While the Lufthansa Group is healthy financially, Dr. Franz is weary of a new breed of competition. “We are now in a competition of different airline systems. On the one hand, we see the highly integrated state aviation systems, particularly in the Middle East and in some Asian countries, where the airline is state owned, but we are not only talking about the airline. Here, we are talking about the airport, air traffic control, airline service companies, all state owned, all belong to the same owner, and sometimes the head of air traffic control is the head of the airline. So the whole development we see is an integrated development a system, and in most cases, not many can be developed in order to show maximum profits, but in order to create a system which serves as a tool for the economic development of some countries.”
“And on the other side,” Dr. Franz continued, “we have the classic privatized companies here in the US and also in Europe, operating in a complex environment.” Dr. Franz is keenly aware of the advantage many younger airlines currently possess as they grow exponentially on a global scale. “It is creating a more and more difficult situation for those companies who act as normal corporations because the rule of the game are very different rules.”
It’s no secret that the aviation industry is heavily taxed and regulated, and Dr. Franz is an adamant believer that this burdensome taxation is putting the industry in danger. “In Europe, we are in the situation that government allows a lot of regulatory luxury, and this is clearly hampering the development of opportunities for many European players.”
As an example of “regulatory luxury,” Dr. Franz explained that the airline’s major Frankfurt hub is closed for the equivalent of three months of the year due to a ban on night flights, limiting capacity to a degree. “Just imagine, for example, the New Jersey Turnpike would be closed for three months and there would be chaos. In aviation, this is apparently not an issue, so you can do it.”
Aside from the hotly competitive nature of the industry, Dr. Franz spoke about the group’s continuing fleet renewal and passenger experience improvements. The Lufthansa Group is one of the few customers of the Bombardier CSeries, however, the new airliner has seen several recently delays and a slow testing program.
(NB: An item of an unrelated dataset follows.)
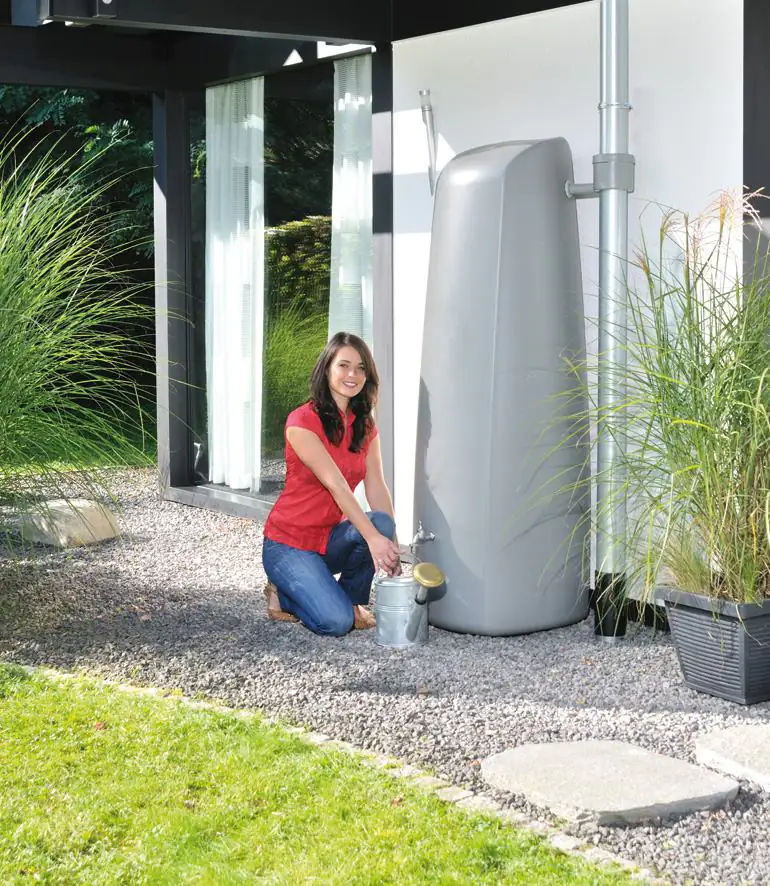 Garantia Regenwasser-Wandtank Elegance 400 l Garantia Regenwasser-Wandtank Elegance 400 l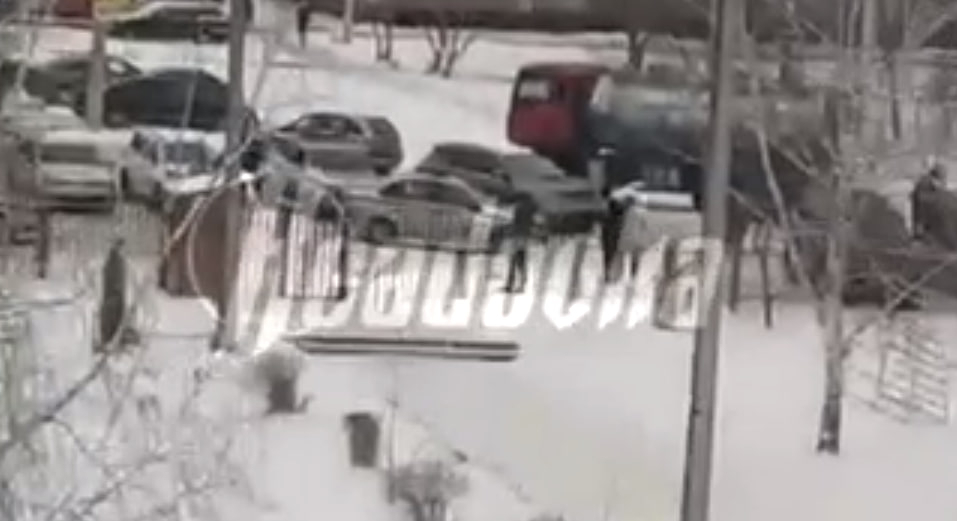 Брянские ученики опубликовали видео из школы, где произошла стрельба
Dr. Franz noted that the CSeries is living up to all performance expectations, but the delivery delays are disappointing. “This is an extremely efficient aircraft, the most efficient aircraft of its size, which will basically be a challenge also for other aircraft suppliers to match this performance.” Dr. Franz, however, is praying for an early delivery.
The airline also has the Boeing 777x on order, but Dr. Franz is looking for potential price cuts on the current generation 777 to bridge the gap until the 777x is ready for delivery. “I think it is common knowledge that aircraft tend to be sold to large and good customers with substantial discounts. So, the question of if there is additional discount to the existing discount, that is an interesting question. Hopefully, we would be able to achieve this discount.”
On the current fleet, the airline group is installing lie-flat seats across its business class offering, a process lasting more than three years and costing over a million Euros per day.